Grondwet en EU Handvest van de Grondrechten

Artikel 1 van onze Grondwet waarborgt een soortgelijk recht: het recht op gelijke behandeling en het non-discriminatiebeginsel. Ook in het Handvest van de Grondrechten van de EU is dit vastgelegd. Artikel 20 waarborgt gelijkheid voor de wet, artikel 21 beschermt het recht op non-discriminatie en artikel 22 waarborgt de verscheidenheid van culturen, talen en godsdiensten binnen de Europese Unie. Het discriminatieverbod is verder uitgewerkt in nationale wetgeving, maar ook in Europese richtlijnen en verordeningen. Een voorbeeld is de Wet op de gelijke behandeling van mannen en vrouwen.

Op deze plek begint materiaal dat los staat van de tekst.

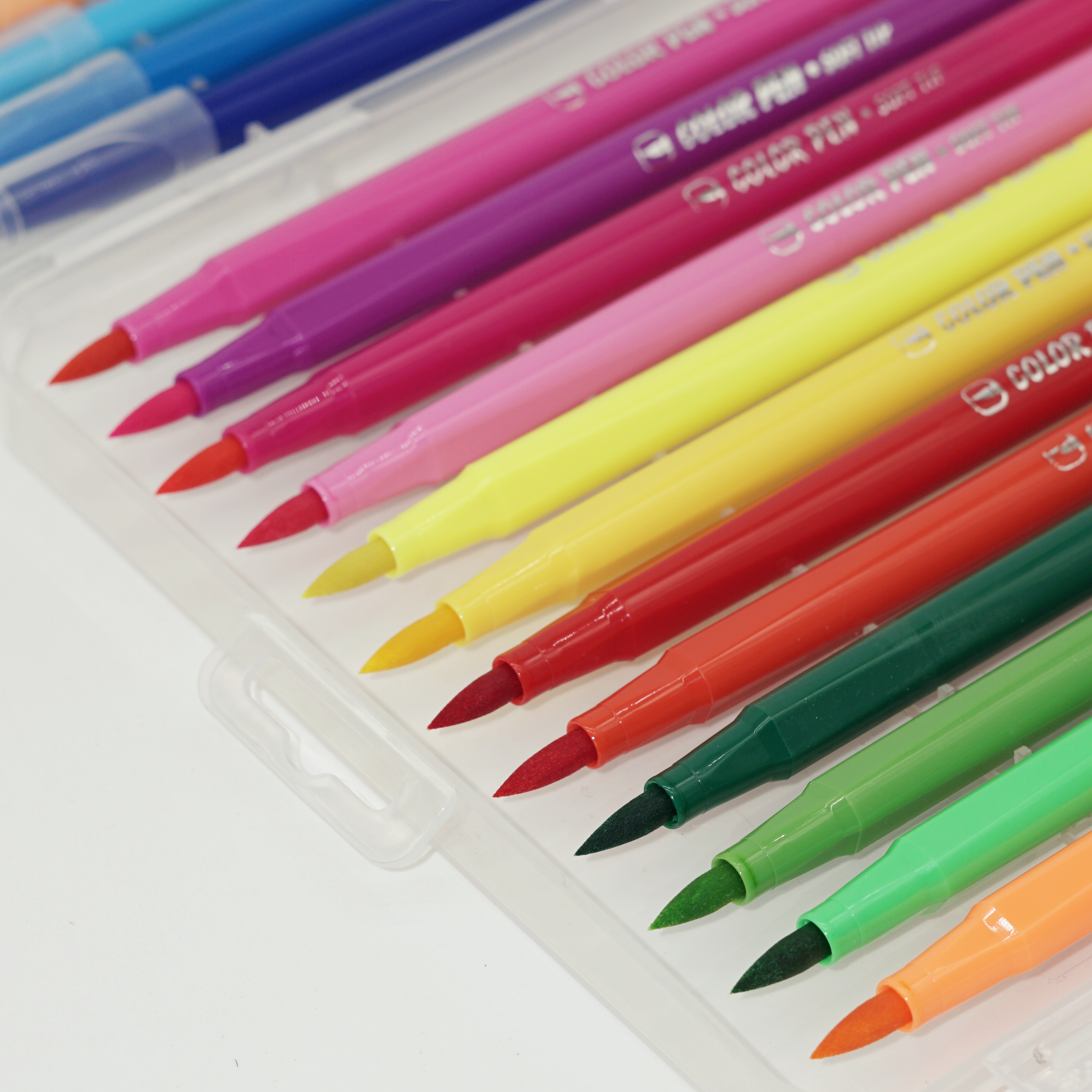 24 Colors Soft Brush Tip Washable Watercolor Pen Box Stationery Gift Set Wholesale Custom Supplier 8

Hoe actueel is dit mensenrecht?

Een belangrijk voorbeeld van een actuele schendig van dit recht is de etnische profilering bij grenscontroles. Mensenrechtenorganisaties stelden in 2021 dat de Nederlandse Koninklijke Marechaussee verboden onderscheid maakte naar de etniciteit van personen bij het controleren op hun verblijfsstatus. In de praktijk betekende dit bijvoorbeeld dat mensen vanwege hun huidskleur uit de rij op Schiphol werden gehaald voor een controle.

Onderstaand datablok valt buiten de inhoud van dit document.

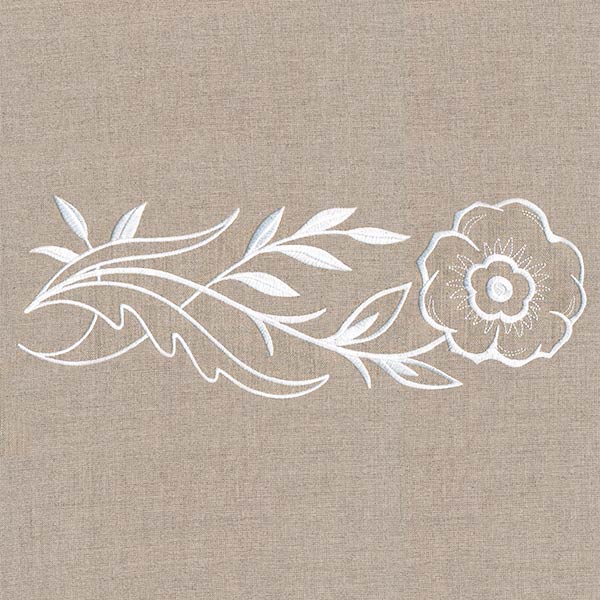 Wild Anemone Border (Whitework) - Image 5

De Koninklijke Marechaussee zei dat dat noodzakelijk was om veiligheid te waarborgen. Het argument was dat uiterlijke kenmerken zoals huidskleur niets hóeven, maar wel iets kúnnen zeggen over de nationaliteit of herkomst van de gecontroleerde persoon.

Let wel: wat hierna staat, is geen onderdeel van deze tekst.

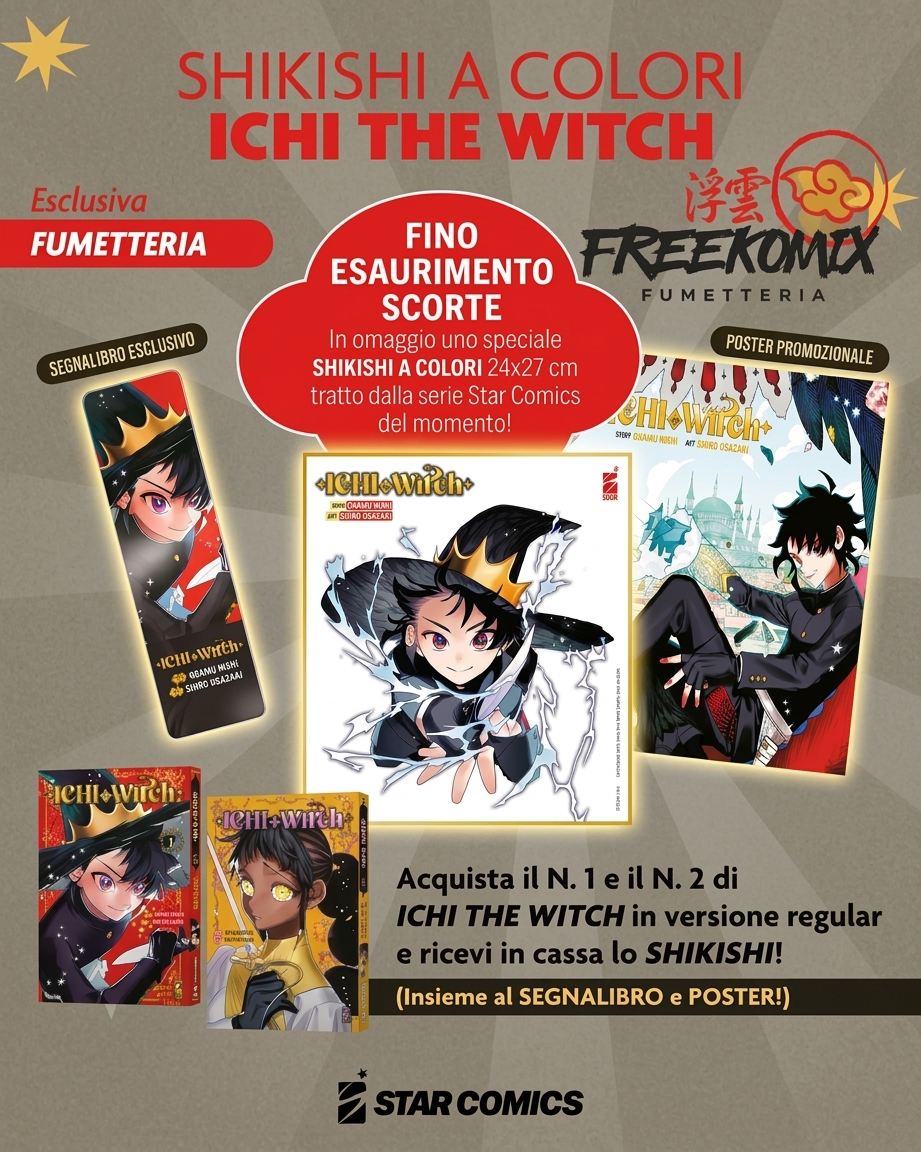 PROMO ICHI THE WITCH 1 E 2 + SHIKISHI IN OMAGGIO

In 2021 overwoog de rechtbank dat dit onderscheid geoorloofd was. Het Gerechtshof heeft echter in hoger beroep geoordeeld dat dit onderscheid verboden discriminatie vormde. Het Gerechtshof oordeelde dat etnische profilering in strijd is met artikel 2 Universele Verklaring en artikelen in verschillende mensenrechtenverdragen. Ook in de toeslagenaffaire speelde discriminatie door gebruik van algoritmes een rol.